I'm interested in keeping a spider, i really have my heart set on the Nephila Pilipes since i saw one in Thailand, i can't find anyone selling them but I have found someone selling Nephila Madagascarensis. I don't want to jump in at the deep end, so are they any good for beginners and if not what would you suggest?

I have & do keep tarantulas, just beginner species of those too. 

Thanks!


----------



## chanda (Mar 13, 2017)

Nephila sp. are not generally good as pet spiders unless you have a LOT of space for them to web - like just give them one end of the room and a couple of potted ficuses or something. They won't have room to construct an adequate web in a small cage - and without a web to catch their food, will starve. 

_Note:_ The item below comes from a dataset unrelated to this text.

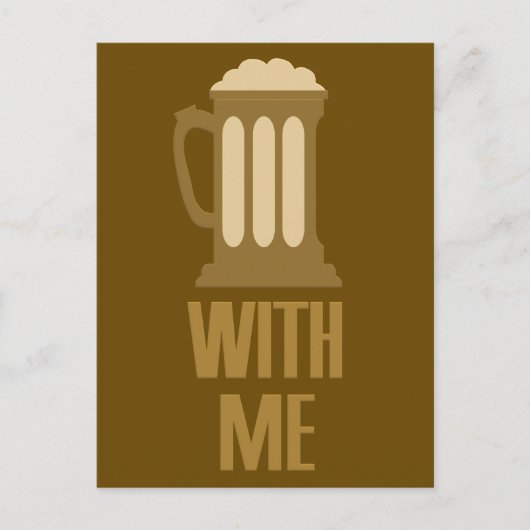 Beer With Meのカスタムはがき ポストカード (正面)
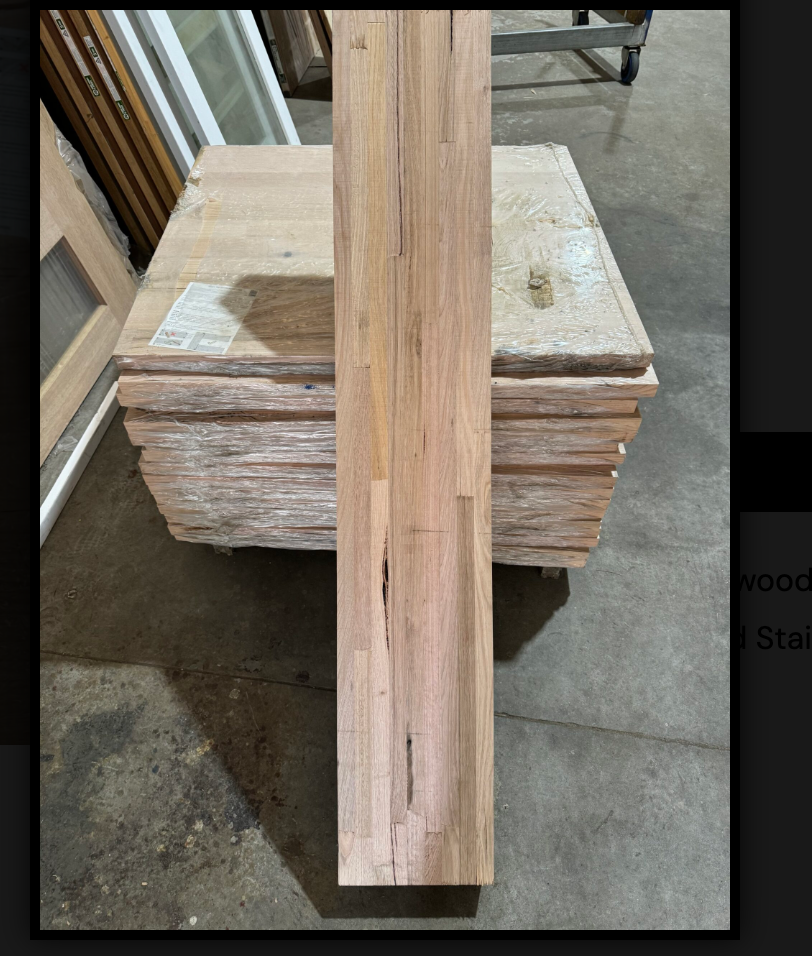 290x70mm Tasmanian Oak Stair Tread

Easy spiders to start out with include _Latrodectus_ _sp. _(black and brown widows) _IF_ you are aware of the potentially dangerous venom and keep your fingers out of the enclosure - or if you prefer something without dangerous venom, _Peucetia sp. _(Lynx spiders), Jumping spiders, Huntsman spiders, and Wolf spiders are all pretty easy to keep. (Many tarantulas are also easy to keep, but I assume you're only interested in true spiders?) 

If you have your heart set on an orb-weaver, there are some smaller species that don't require as much space. I've kept _Argiope trifasciata_ and _Argiope argentata_ in captivity (in large screen or mesh sided enclosures with lots of sticks for attachment points and plenty of space to web). They're not terribly difficult to keep - but they can be picky eaters. Mine never liked crickets, probably because the crickets could kick their webs apart too easily, so I had to catch flies and moths for them.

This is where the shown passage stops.